■ **Task details**:
Exact copy, no pictures: reproduce the lines from the one that holds "Corporate Colour Lollipops" through the end of the entries.

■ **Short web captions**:
▬▬▬▬▬▬▬▬▬▬
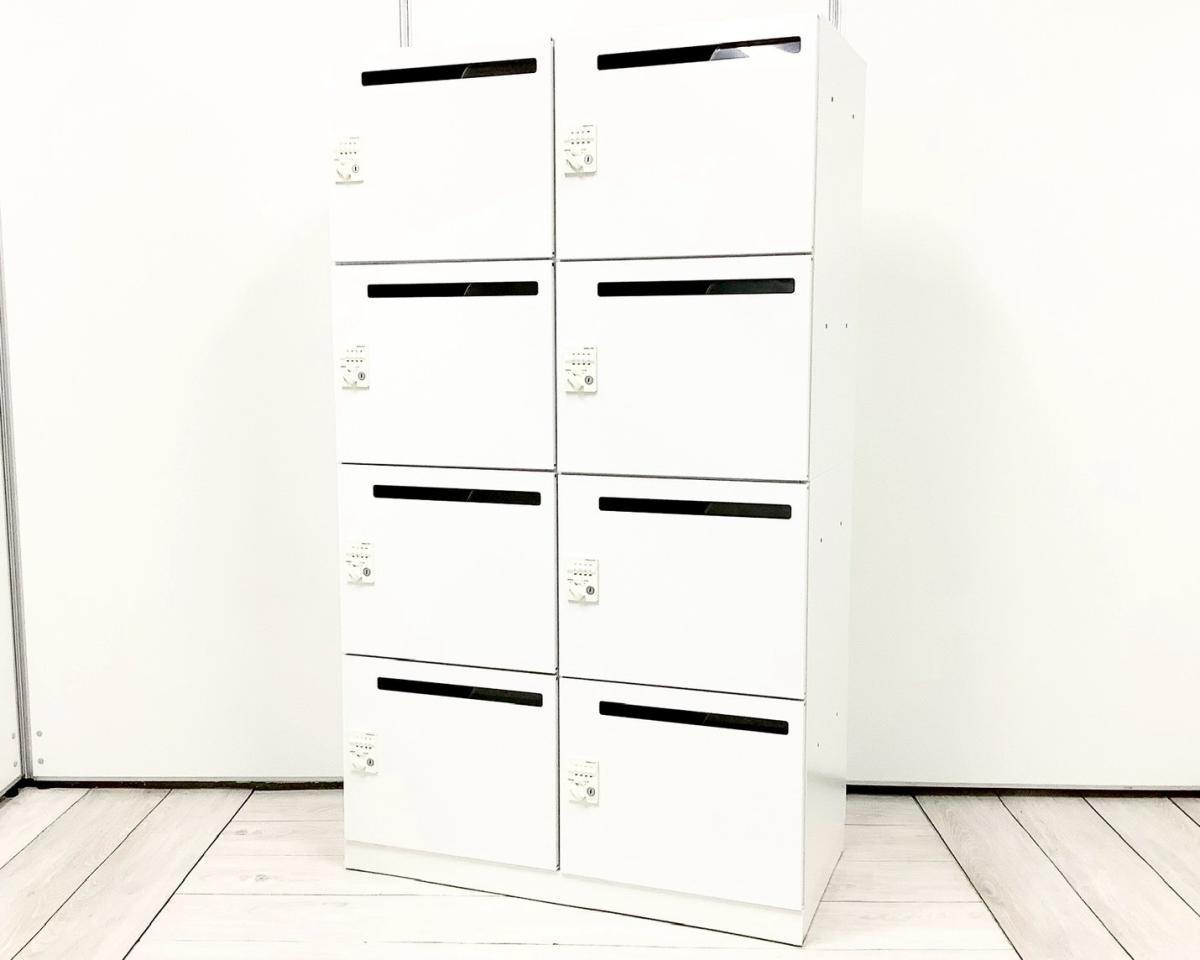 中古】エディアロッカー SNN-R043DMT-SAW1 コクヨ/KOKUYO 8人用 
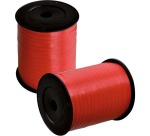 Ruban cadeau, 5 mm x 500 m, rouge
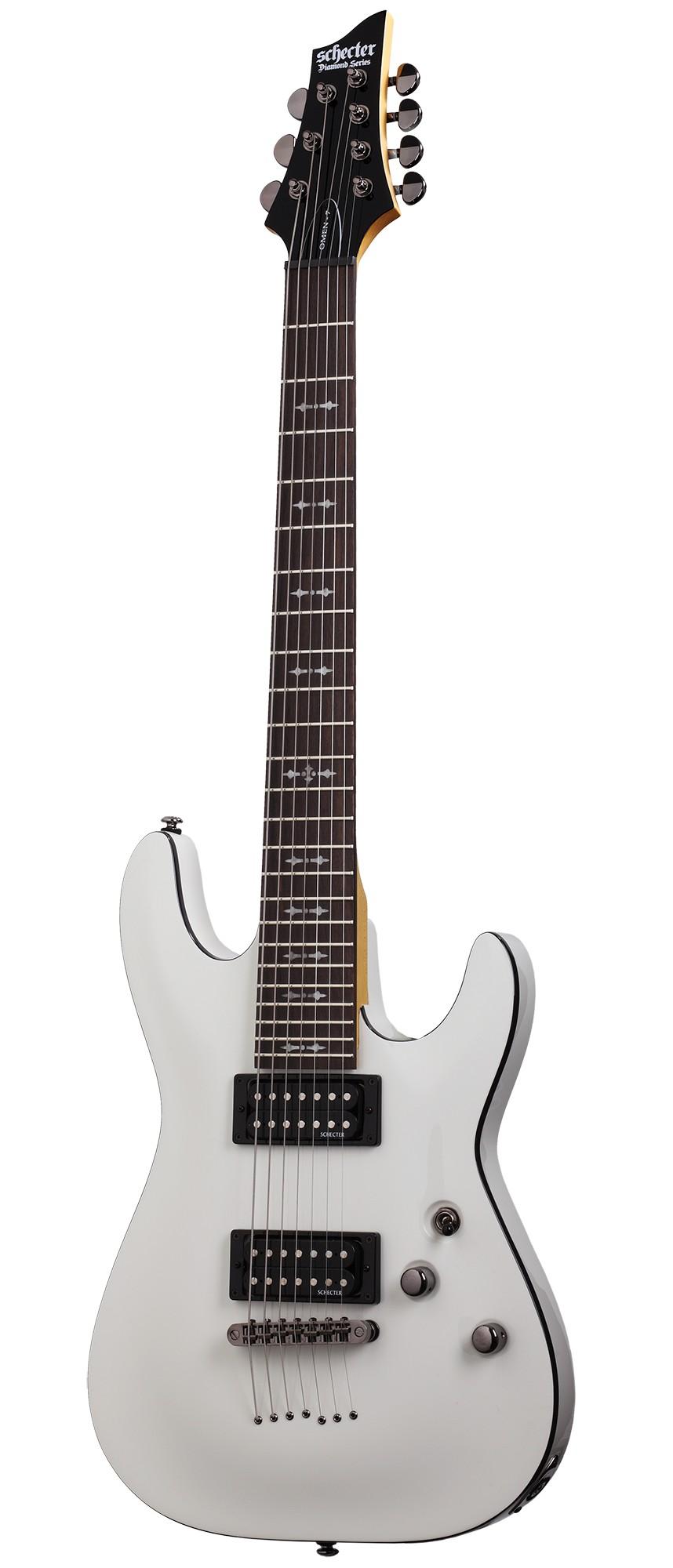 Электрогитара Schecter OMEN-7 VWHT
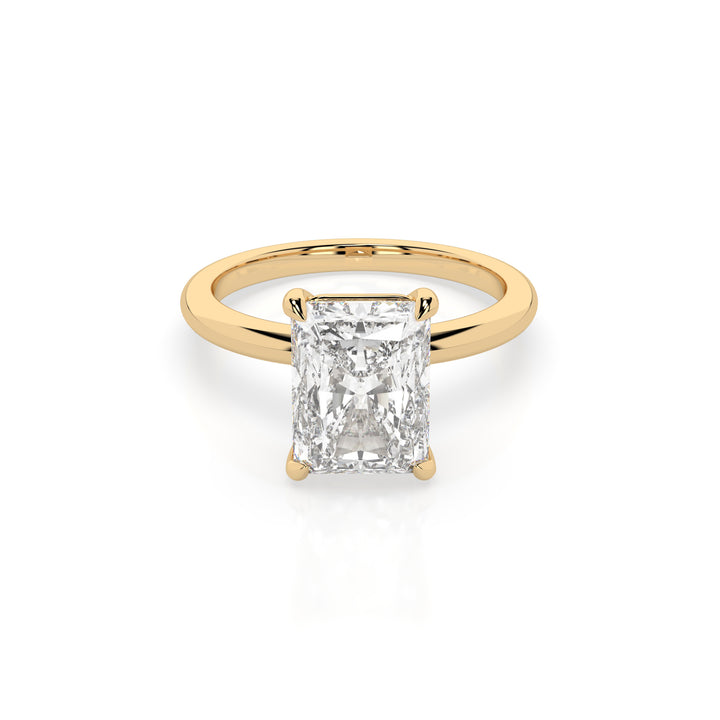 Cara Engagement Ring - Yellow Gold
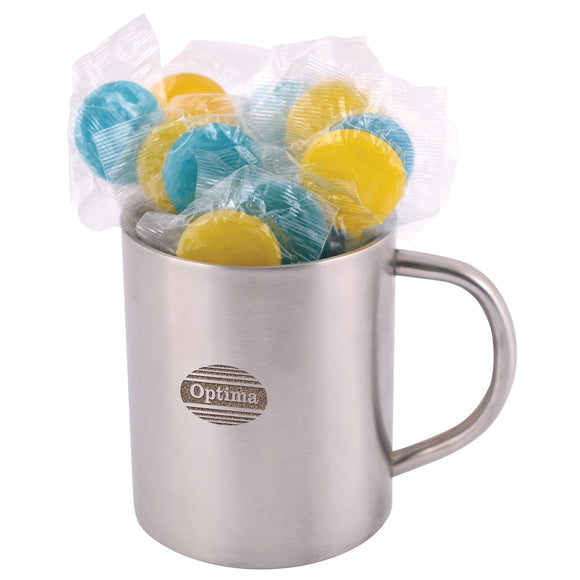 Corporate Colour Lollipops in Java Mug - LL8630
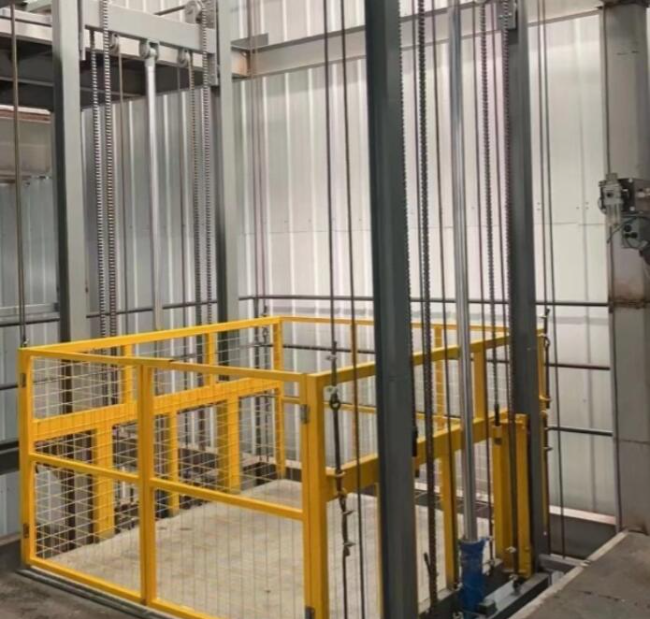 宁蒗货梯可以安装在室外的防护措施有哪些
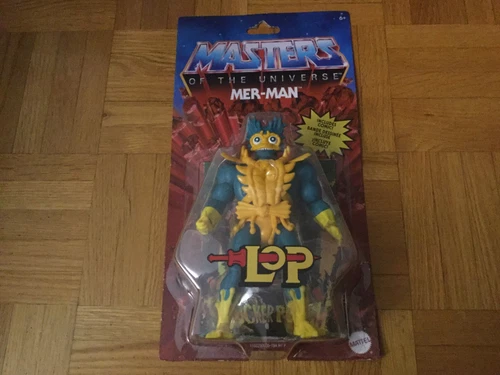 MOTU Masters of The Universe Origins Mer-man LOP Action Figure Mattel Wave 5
▬▬▬▬▬▬▬▬▬▬
■ **Reply**:
 Corporate Colour Lollipops in Java Mug - LL8630
 宁蒗货梯可以安装在室外的防护措施有哪些
 MOTU Masters of The Universe Origins Mer-man LOP Action Figure Mattel Wave 5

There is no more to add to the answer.